Le secteur international de Peuple et Culture s’est engagé en ce sens, depuis 2001 en partenariat avec l’Office franco-allemand pour le Jeunesse, dans la région du Sud-Est de l’Europe, dite « des Balkans ». Cette région est encore aujourd’hui perçue comme la « face noire de l’Europe », dû à son histoire tumultueuse. En marge orientale de l’Europe face à la Russie et au Moyen-Orient, elle a été marquée en profondeur par l’antagonisme des Empires Ottoman et Austro-Hongrois, qui ont fait naître des ethnies aux cultures peu compatibles. Théâtre d’affrontements sanglants depuis les guerres balkaniques du début du XXe siècle jusqu’en 1999 avec la guerre au Kosovo, et en 2001 avec le conflit ethnique en Macédoine, la région reste aujourd’hui instable en Europe.

Les Balkans souffrent d’une image négative auprès des citoyens européens n’ayant que peu de contacts avec la réalité balkanique. Mais il est vrai aussi que la situation y est difficile : chômage endémique, économies en difficulté, tensions ethniques, violences, non respect des droits humains, etc. Le parcours des Balkans dans l’intégration européenne est ralentie, même si, récemment, la Croatie est devenue membre de l’Union européenne, et la Serbie est en bonne voie pour y entrer. Pourtant, le Kosovo et la Macédoine restent à la traîne. La situation dans ces deux pays est peu reluisante, notamment pour la jeunesse, du point de vue de l’économie, des tensions inter-ethniques et du manque de mobilité. Ce sont pour ces raisons, que nous avons choisi de travailler prioritairement dans cette région.

Dans un pays comme la Macédoine qui essaie petit à petit de surmonter ses tensions interethniques, la question de savoir comment aborder les différences culturelles de façon nuancée et d’arriver à dialoguer ouvertement sur ces différences, sans pour autant produire de nouveaux stéréotypes et préjugés, ne perd pas de son actualité. Jusqu’à aujourd’hui, la Grèce s’oppose à ce que le pays porte officiellement le nom de « Macédoine », revendiquant la paternité de ce nom qui désigne la partie nord de la Grèce. Ainsi, officiellement, la Macédoine s’appelle FYROM (correspondant en anglais à « ex-république yougoslave de Macédoine).

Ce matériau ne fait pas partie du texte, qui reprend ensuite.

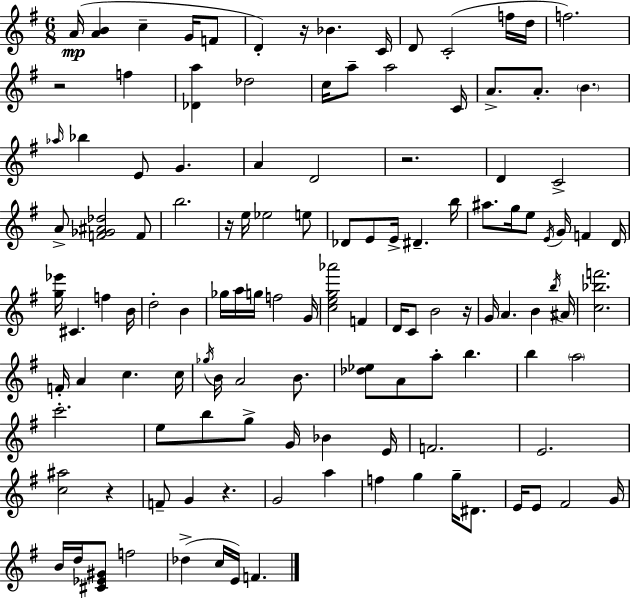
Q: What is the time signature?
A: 6/8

Notre séjour aura lieu à Tetovo, ville à grande majorité albanaise, qui a subit conflit macédonien en 2001. En effet, si la Macédoine a échappé aux conflits qui ont déchiré l’ex-Yougoslavie, elle est traversée d’une instabilité ethnique, entre les Slaves macédoniens et les Albanais, qui représentent 25 % de la population. Inspirés par l’exemple de leurs voisins kosovars, les Albanais de Macédoine se sont mis à réclamer plus de droits culturels, civiques et politiques. Cette tension est toujours présente aujourd’hui, même si elle est latente.

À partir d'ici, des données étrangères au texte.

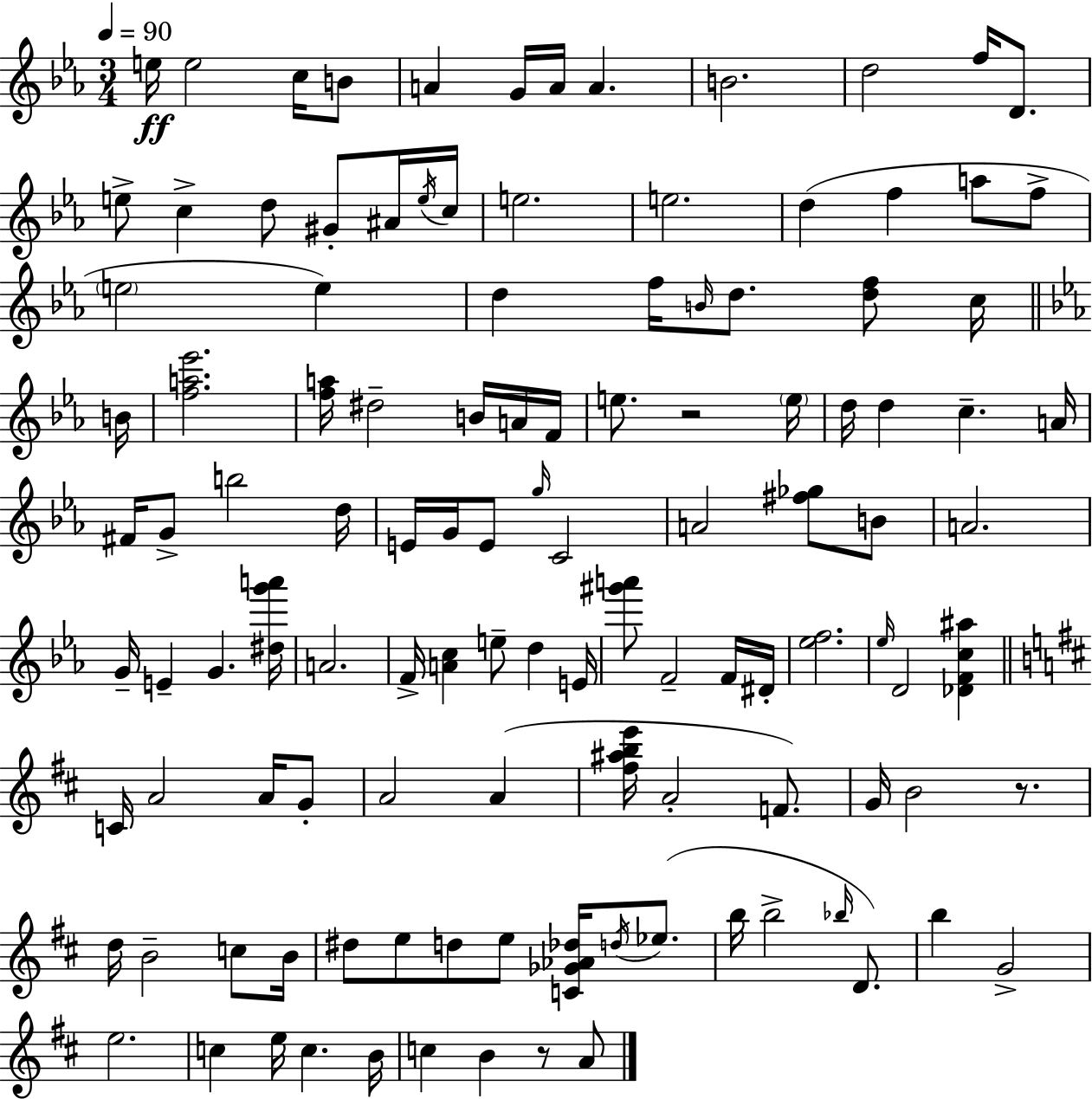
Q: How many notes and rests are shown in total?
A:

Les projets d’échanges comme celui-ci permettent de réfléchir sur ces questions, impliquant des participants macédoniens appartenant aux différentes ethnies, ainsi que des participants français et allemands qui donnent un regard extérieur sur cette situation complexe. La rencontre ouvre à la fois un champ d’apprentissage culturel et politique multiforme et une autre perspective européenne.